This is the type of comment that I've come to expect from Roger, one that is sensible but not politically correct. A response by Carson Byrd poses the questions:
Are we to simply forget the historical discrimination and the structural inequality in society that exists today when we discuss college admissions? Is it all about today and not yesterday with this debate?
In which my response, and likely Roger's, is yes. Sure, most of us look at past discrimination with disdain and wish that things would have occurred differently. We should never judge a book by its cover, but rather by what is inside. But, we should learn to forgive in order to make progress -the objective is to move forward. By permitting preferential treatment for one or a few groups, we are discriminating against other groups, which is not a path towards progress. According to Byrd's claim that we need to make up for past discrimination, almost every group today needs to be given preferential treatment. But if every group receives preferential treatment, then where does that leave us? Basically, all preferences cancel out to produce an arena for equal opportunity that is based on merit.

I whole-heartedly support the notion of equal opportunity, but not entitlement. America was founded by immigrants who flocked here because of the opportunity to make a better living through hard work, not to mention the right to avoid religious oppression. Egalitarian principles is what made this nation great. One of the great moral teachings of Christianity is that we must learn to forgive past hurt in order to make progress in our spiritual lives with God. Whether you are religious or not, forgiveness is a sound moral principle that leads to progress, and is equally applicable to society and the economy. Where would the world be if the Japanese did not forgive the Americans, if the Americans did not forgive the British, or if the confederate states did not forgive the north? My guess is that the world would likely be filled with much more violence, hate and societal stagnation than exists today.

By permitting affirmative action policies, we are perpetuating the problem by discriminating against different groups. It is an attempt at social engineering that is simply bad policy. No policy should pick the winners and losers. By doing so, we are only breeding disdain of the new victims of discrimination, while attempting to appease the previous victims. The long-run outcome, like other policies that pick winners and losers, will be chalked full of unintended consequences that will further distort the notion of equal opportunity.

In terms of higher education, we should judge applicants by their merits and potential to succeed, not by the color of their skin, religious beliefs or sexual organs. Colleges benefit by admitting and graduating the strongest possible students, and organizations benefit by hiring and promoting the strongest possible employees, without regards to skin color or religious beliefs. Economic theory suggests that wage discrimination is inefficient, as it costs organizations more when they engage in discrimination, whether it be racial, gender, ethnic, height, etc., because it distorts wage levels. Moral principles and economic theory agree that equal opportunity is a great ethos, and that discrimination is a horrible one.

1 comment:

Steve said...

They do have a valid complaint that the critera we use to determine "merit" isn't exactly a measure of intelligence or ability.

SAT scores correlated too much with income and the school you attended to be a good measure of your innate ability. Resume-building acitivites are obviously strongly influenced by culture.

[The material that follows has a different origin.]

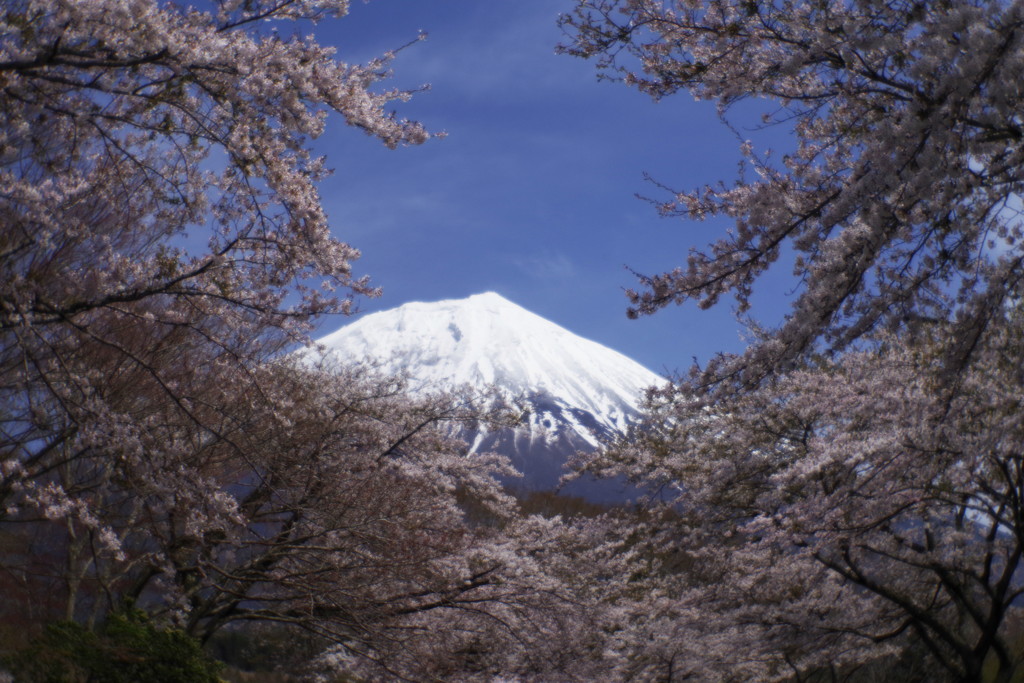 春色　桜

I had a friend who was saying it was easier for me to get into the school we go to because I went to a normal public high school whereas he went to a private school. He said this was a type of oblique "class" affirmative action (I'm white). But look at the data: I had to have a much more impressive record agianst my peers to get considered. I have to best the best student at my school in the past few years, he just had to be in the top-10% at his. My theory predicts that people like me will have higher GPAs in college and lo and behold it was true in our case.